Deadline: 20 February, 2013
Open to: proposals about Textile Translations worldwide
Venue: International Symposium University of Zurich, 6-7 June 2013

Description

Papers are being accepted for the International Symposium “Textile Translations Intermedia Processes of Textile Transfer in the Arts”. The Symposium will be held at the University of Zurich, 6-7 June 2013.

Processes of transfer and translation are crucial to the production and fashioning of textile materials: In the production of textiles, images taken from other media are submitted to the structure of warp and weft or translated into loops, stitches and knots. Thus, every textile technique requires translations and alterations of the original draft, even if the relation of the transferred subject or pattern to the media varies according to the technique: In the case of a woven image or a textile print, image and support are inseparable, though an embroidered motif, however, can be clearly distinguished from its backdrop. Translations into the textile and vice versa inevitably entail variation, mutation and adaptation.
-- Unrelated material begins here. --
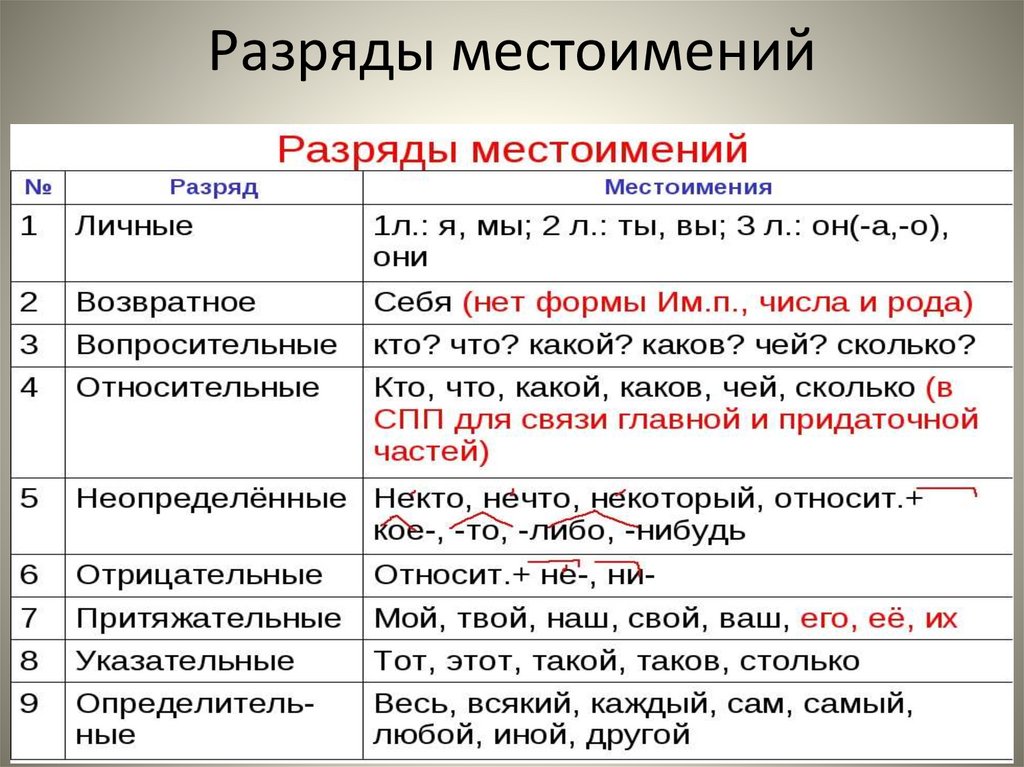 Разряды местоимений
In this way translation processes leave traces inscribed in the particular object.

Because of the variety of manufacturing processes and their flexibility and malleability as material, technique, medium and metaphor, textiles provide a number of starting points for future research on processes of transfer. The symposium „Textile Translations“ seeks to investigate these. In doing so, it is not the intent to focus on the alleged hierarchy of the original and the copy – or a comparison of before and after – but rather on the process of translation and its effects and implications. In this regard, textiles can be positioned at the beginning and end of such processes, or even due to their flexibility and adaptability, embody transitory conversion. Focussing on the process as the ‘inbetween’, the interactions of textiles and other media are the main concern of the symposium.

Categories

Papers may address, but should not be limited to, topics within the following categories:

1. Translations of motifs and patterns
In the production of textiles the dessinateur provides a draft for the tapestry weavers which is much more similar to painting than to the reticular structure of textiles. Which changes are made if the intermedia transfer affects motif, colours and lines? Which adaptations have to be made? What compromises and alterations are by-products of the translation? Does change in media entail an amelioration, pejoration or reinterpretation of the motif?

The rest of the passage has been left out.